The other thing that bugged me at the time was how inflated a view the bands had of themselves. I remember an interview with Puddle of Mudd where they complained that they were always being compared to Nirvana, "Why doesn't anyone compare us to Led Zeppelin?" the singer wondered. Well, my answer was, compared to Led Zeppelin you suck even more than you do compared to Nirvana.

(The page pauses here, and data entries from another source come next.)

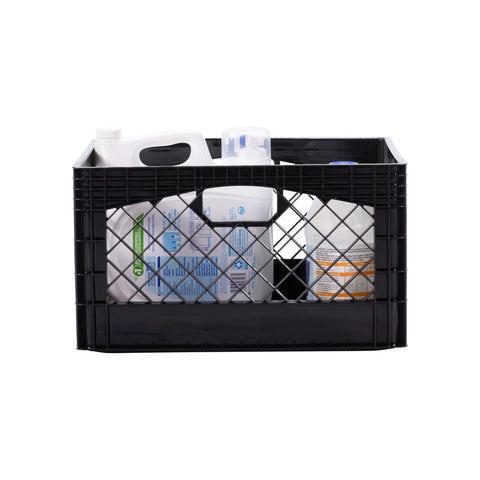 Factory Direct Partners three-pack milk crates arranged on shelf for easy organization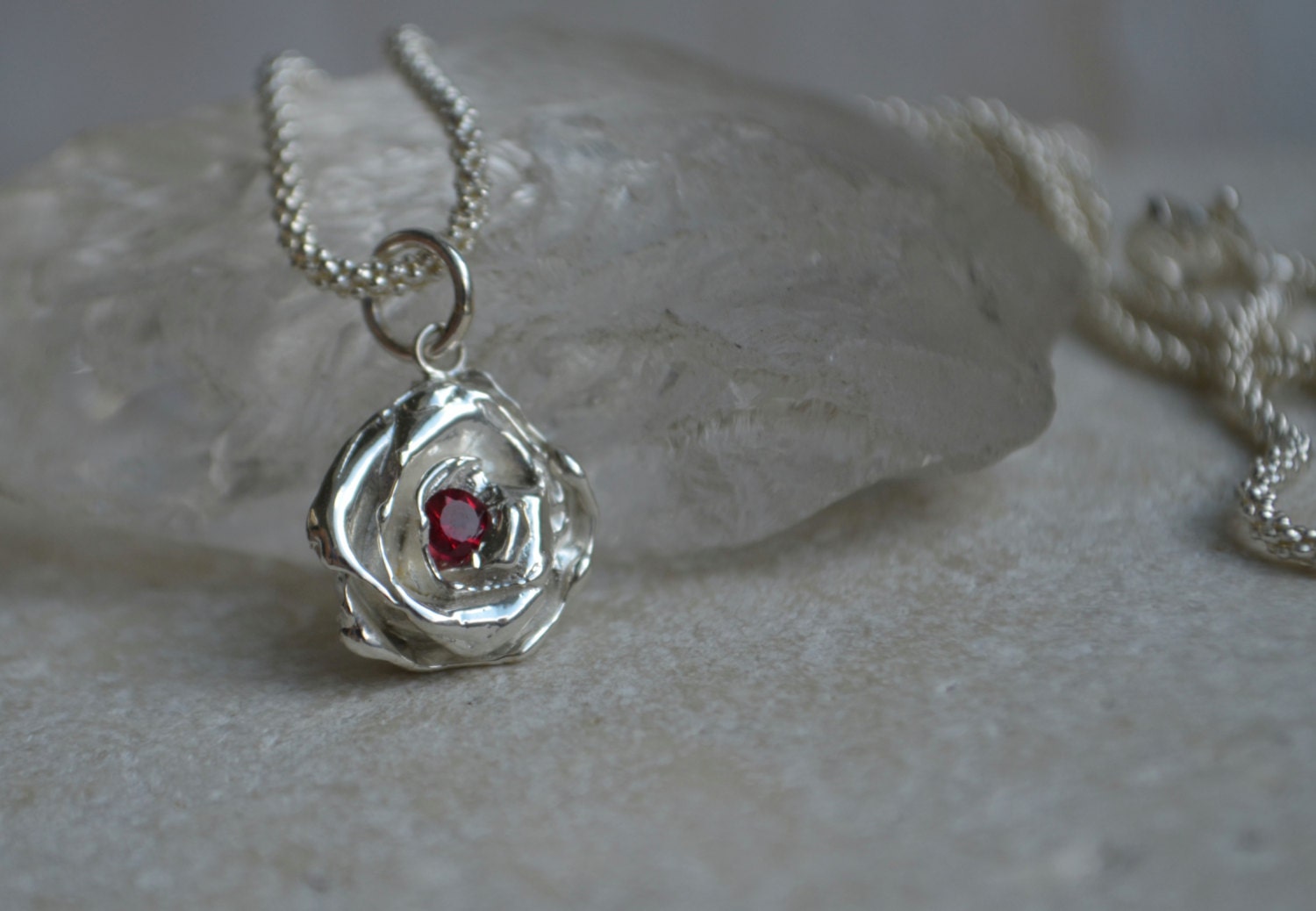 Argentium Silver Rose Pendant with Red Burma Spinel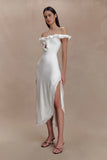 Allegra Off Shoulder Ruffle Midi Dress Ivory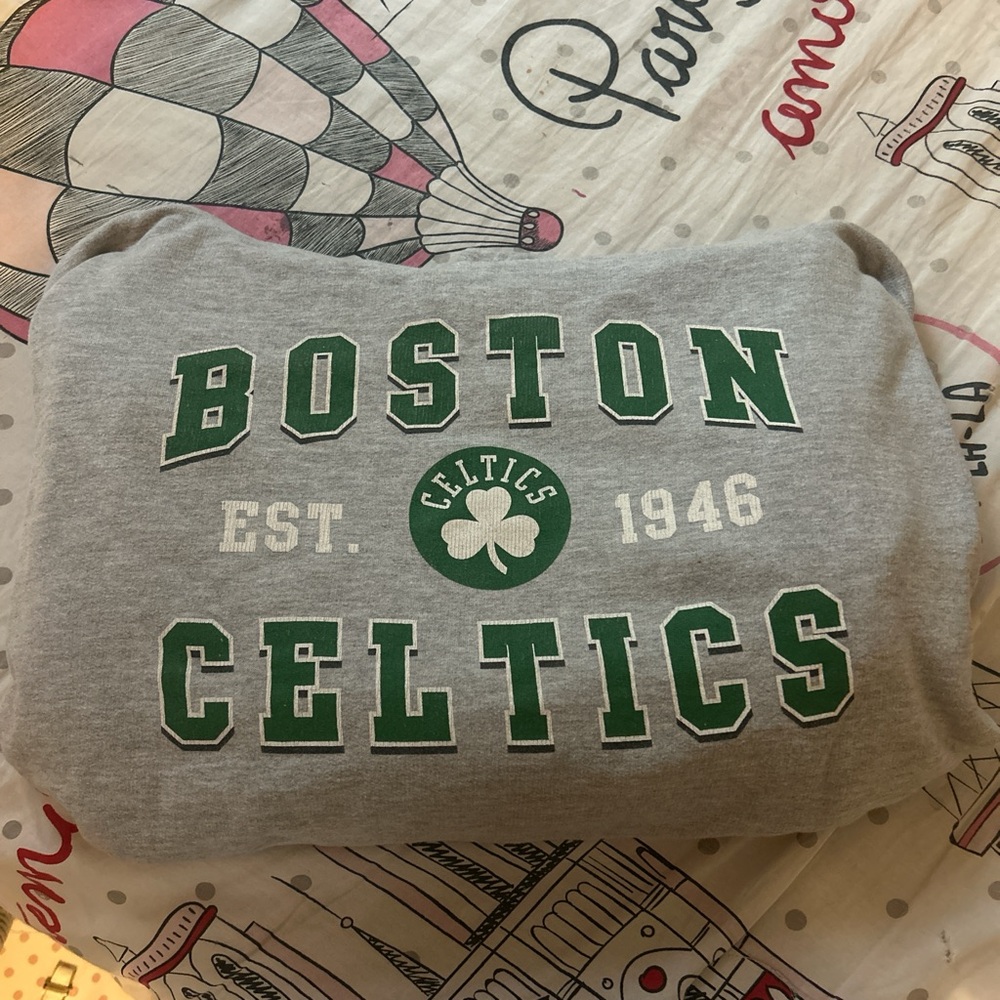 Gildan Gray Hoodie with Green and Red Accents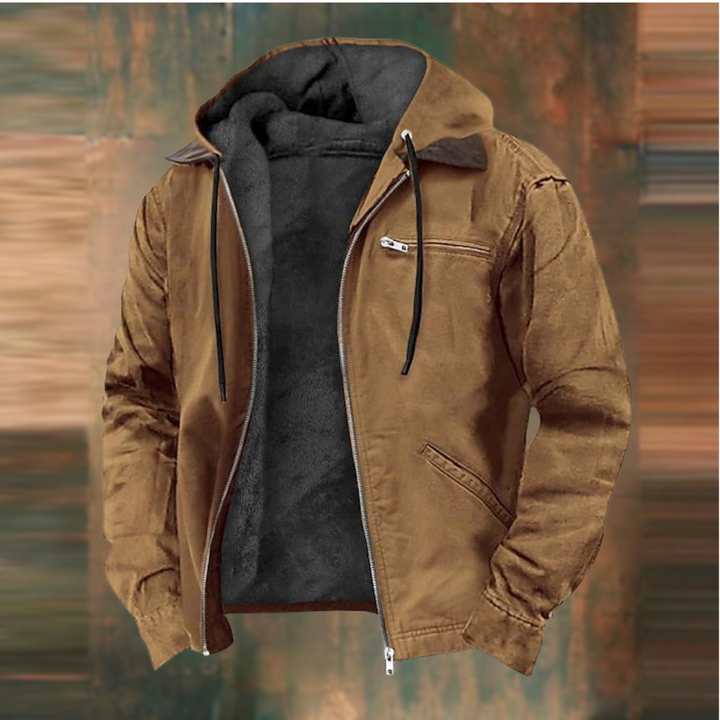 Men's lightweight hooded zip-up jacket with functional pockets, perfect for casual spring & fall transitional outerwear.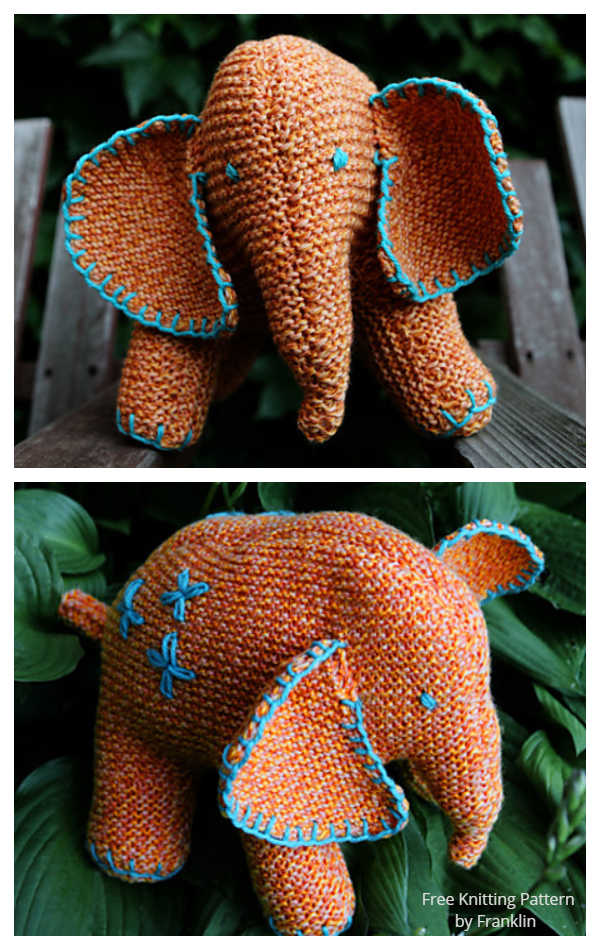 Knit Flo the Elephant Toy Free Knitting Patterns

And now, in hindsight, why would anyone go back and listen to any of this music again? It's mid-tempo melodic mush, compressed to all hell and functionally fungible. The best thing about bands like Creed and Nickleback is that they finally destroyed rock radio as a thing, by bloating it to ridiculousness and making the whole genre something to be escaped by anyone with interesting taste. That made it even easier for pop-rap to take over, and honestly, we're in another golden age of radio pop because of it.
posted by klangklangston at 2:30 PM on November 5, 2013 [12 favorites]


That made it even easier for pop-rap to take over, and honestly, we're in another golden age of radio pop because of it.

Oh man, I was with you right up until that last sentence. (Well, that and the remark that Down on the Upside wasn't very good.)
posted by entropicamericana at 2:40 PM on November 5, 2013


It's so weird reading this stuff here, especially the defenses of the Deftones and Korn

Maybe you wrote Deftones off without giving em a chance? I don't blame you. But songs like "Digital Bath" and "Knife Party" were simply worlds away from all the bands they got lumped in. And the fusing of metal and shoegaze wouldn't be explored again until indie acts like Isis and Jesu became critically acclaimed for it well into the 2000's.
posted by naju at 2:46 PM on November 5, 2013 [2 favorites]


Yeah, if you think Deftones are interchangeable with Creed, or even Korn, then you are just plain not paying attention. I'm not saying that you have to like any of those bands, but they sound nothing alike, outside of a few surface features. You might as well say that The White Stripes and The Arcade Fire sound the same.
posted by Sticherbeast at 3:16 PM on November 5, 2013 [1 favorite]


"It's the mix and master, for the most part."

That and that the songs aren't nearly as strong. "Black Hole Sun" was the beginning of the end for Soundgarden.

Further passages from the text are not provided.